→ **DATASET EXCERPT**:
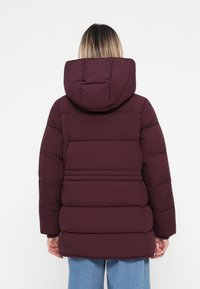 Burgundy puffer jacket with a hood, featuring vertical stitch lines, a slightly textured finish, and a mid-length design.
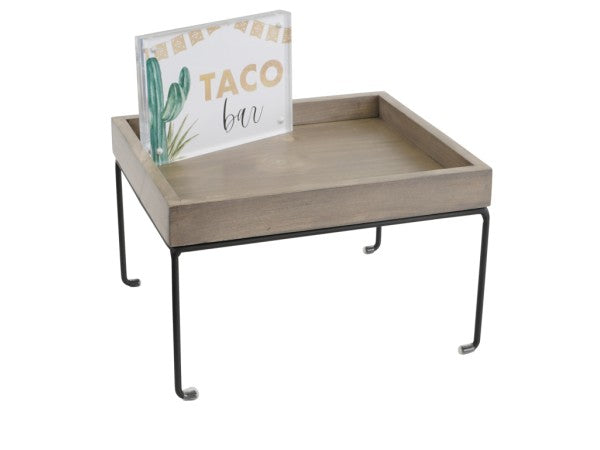 A small, square wooden Aspen Riser tray with black metal wire frame legs stands elevated. Inside the tray, an acrylic sign with a cactus and bunting reads TACO bar in green and gold letters. The tray features simple, modern styling and a rustic finish.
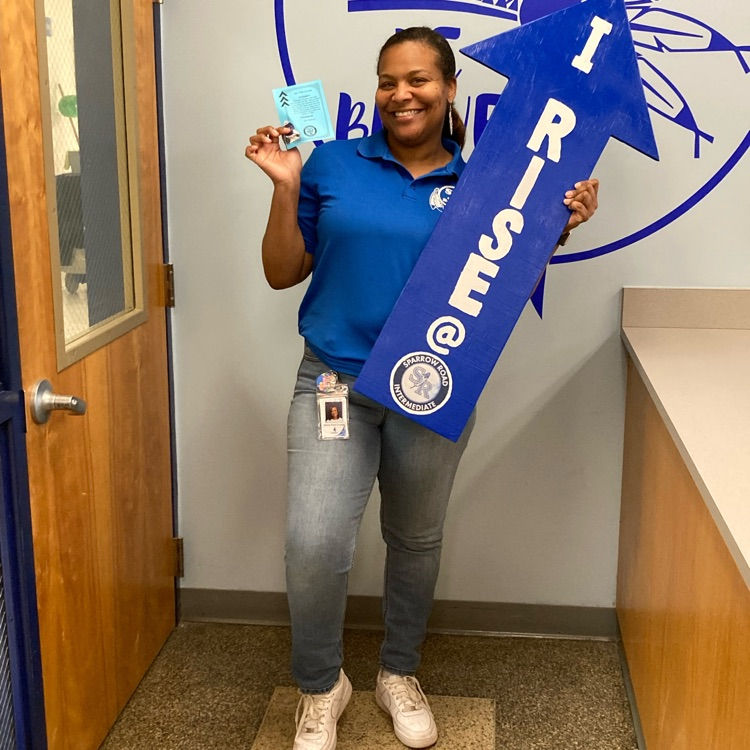 Ms Clark Thomas with RISE arrow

→ **THE PROBLEM**: Your copy should hold only the lines from the one containing "A small, square" through the last line of the listing, both included, retyped exactly and free of pictures.

→ **FINISHED TASK**:
 A small, square wooden Aspen Riser tray with black metal wire frame legs stands elevated. Inside the tray, an acrylic sign with a cactus and bunting reads TACO bar in green and gold letters. The tray features simple, modern styling and a rustic finish.
 Ms Clark Thomas with RISE arrow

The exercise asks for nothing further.